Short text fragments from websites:
———
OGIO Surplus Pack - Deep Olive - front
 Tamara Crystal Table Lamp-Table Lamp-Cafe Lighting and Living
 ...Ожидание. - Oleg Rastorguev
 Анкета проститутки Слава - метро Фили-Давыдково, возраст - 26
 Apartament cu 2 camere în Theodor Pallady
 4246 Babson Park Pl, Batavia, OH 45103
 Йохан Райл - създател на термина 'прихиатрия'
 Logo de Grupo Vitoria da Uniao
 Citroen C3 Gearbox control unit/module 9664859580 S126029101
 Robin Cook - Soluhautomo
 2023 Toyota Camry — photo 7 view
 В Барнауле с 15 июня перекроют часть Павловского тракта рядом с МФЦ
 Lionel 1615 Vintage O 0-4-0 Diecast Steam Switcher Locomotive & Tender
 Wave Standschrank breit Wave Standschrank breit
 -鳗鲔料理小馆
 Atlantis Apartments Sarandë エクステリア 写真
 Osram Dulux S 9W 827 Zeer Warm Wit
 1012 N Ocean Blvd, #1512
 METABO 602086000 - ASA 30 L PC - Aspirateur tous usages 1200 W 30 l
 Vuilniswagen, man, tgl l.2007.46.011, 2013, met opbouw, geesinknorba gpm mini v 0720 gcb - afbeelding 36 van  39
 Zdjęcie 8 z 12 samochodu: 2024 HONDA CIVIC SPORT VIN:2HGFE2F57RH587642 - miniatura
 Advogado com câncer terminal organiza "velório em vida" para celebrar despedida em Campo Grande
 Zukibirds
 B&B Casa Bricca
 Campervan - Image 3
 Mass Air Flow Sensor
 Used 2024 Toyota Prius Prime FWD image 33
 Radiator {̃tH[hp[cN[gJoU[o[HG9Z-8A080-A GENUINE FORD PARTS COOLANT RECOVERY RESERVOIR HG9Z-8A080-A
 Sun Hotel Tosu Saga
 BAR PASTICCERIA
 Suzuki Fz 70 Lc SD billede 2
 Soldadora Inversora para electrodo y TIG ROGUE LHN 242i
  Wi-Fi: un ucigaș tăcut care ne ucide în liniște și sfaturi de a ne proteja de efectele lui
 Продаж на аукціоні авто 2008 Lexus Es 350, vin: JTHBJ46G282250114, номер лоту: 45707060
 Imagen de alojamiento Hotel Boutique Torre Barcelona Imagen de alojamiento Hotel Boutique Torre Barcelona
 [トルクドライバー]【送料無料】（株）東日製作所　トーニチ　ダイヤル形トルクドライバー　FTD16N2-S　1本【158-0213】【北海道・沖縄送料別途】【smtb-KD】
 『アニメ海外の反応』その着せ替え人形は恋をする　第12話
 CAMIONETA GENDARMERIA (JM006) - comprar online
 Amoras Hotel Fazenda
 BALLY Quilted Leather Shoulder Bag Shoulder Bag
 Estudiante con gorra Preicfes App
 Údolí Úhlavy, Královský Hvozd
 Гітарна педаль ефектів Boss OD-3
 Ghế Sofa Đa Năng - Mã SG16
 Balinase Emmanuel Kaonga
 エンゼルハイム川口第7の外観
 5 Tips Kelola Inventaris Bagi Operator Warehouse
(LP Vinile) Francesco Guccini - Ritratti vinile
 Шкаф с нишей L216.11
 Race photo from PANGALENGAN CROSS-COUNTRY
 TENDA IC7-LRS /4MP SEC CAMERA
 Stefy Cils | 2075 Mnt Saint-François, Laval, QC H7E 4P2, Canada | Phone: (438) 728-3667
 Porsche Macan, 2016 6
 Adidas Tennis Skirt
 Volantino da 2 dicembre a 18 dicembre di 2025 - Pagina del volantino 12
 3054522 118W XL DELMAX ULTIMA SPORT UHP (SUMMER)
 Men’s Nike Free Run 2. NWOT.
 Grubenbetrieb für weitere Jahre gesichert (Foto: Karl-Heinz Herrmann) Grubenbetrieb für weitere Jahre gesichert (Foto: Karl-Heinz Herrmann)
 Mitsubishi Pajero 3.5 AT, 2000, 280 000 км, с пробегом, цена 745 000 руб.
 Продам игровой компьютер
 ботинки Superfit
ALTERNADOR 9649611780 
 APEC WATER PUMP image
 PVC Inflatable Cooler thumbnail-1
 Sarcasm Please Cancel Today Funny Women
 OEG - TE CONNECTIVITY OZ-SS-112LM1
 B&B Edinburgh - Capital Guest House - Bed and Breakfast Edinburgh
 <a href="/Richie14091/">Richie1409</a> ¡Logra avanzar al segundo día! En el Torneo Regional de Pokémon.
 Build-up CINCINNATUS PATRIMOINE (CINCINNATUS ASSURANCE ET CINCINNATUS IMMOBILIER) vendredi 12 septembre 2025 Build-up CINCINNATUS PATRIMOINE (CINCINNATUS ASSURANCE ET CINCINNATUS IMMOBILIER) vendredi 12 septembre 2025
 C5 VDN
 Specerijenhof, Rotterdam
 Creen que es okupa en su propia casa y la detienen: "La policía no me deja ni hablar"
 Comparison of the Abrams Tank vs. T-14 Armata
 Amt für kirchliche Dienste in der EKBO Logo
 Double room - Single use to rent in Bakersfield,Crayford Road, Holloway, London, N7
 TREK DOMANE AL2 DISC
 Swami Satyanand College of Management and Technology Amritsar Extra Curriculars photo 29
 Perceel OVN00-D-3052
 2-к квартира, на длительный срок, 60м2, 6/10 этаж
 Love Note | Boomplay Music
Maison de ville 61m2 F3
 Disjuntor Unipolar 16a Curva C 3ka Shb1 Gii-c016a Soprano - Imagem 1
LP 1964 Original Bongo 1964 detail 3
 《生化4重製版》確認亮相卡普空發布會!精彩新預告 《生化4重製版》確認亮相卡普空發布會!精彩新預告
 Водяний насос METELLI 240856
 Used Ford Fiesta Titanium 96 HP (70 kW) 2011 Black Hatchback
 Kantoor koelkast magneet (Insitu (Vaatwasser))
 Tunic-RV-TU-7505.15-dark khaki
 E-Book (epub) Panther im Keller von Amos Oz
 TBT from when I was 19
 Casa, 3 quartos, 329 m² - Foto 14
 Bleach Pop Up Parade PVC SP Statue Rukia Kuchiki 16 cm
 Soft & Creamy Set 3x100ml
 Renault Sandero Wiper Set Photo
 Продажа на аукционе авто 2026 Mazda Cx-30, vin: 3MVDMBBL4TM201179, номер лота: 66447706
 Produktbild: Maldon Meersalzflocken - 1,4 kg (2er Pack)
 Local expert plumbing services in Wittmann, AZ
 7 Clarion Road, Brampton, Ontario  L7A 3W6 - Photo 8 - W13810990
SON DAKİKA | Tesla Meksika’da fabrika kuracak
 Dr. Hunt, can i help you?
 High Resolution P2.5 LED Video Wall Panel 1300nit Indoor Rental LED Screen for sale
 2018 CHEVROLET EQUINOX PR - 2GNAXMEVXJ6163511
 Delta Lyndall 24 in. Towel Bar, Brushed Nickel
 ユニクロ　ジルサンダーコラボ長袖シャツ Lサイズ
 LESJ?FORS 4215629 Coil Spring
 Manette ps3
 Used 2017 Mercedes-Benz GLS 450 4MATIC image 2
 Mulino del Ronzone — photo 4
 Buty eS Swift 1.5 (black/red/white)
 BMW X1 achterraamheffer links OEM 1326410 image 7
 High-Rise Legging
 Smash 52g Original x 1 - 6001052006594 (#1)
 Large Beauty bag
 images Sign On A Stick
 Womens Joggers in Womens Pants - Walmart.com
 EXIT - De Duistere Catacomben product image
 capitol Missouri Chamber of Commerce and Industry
———
Will you return exactly the lines above from the one with "Lionel 1615 Vintage" down to the one with "Vuilniswagen, man, tgl", counting both as part of the range?

 Lionel 1615 Vintage O 0-4-0 Diecast Steam Switcher Locomotive & Tender
 Wave Standschrank breit Wave Standschrank breit
 -鳗鲔料理小馆
 Atlantis Apartments Sarandë エクステリア 写真
 Osram Dulux S 9W 827 Zeer Warm Wit
 1012 N Ocean Blvd, #1512
 METABO 602086000 - ASA 30 L PC - Aspirateur tous usages 1200 W 30 l
 Vuilniswagen, man, tgl l.2007.46.011, 2013, met opbouw, geesinknorba gpm mini v 0720 gcb - afbeelding 36 van  39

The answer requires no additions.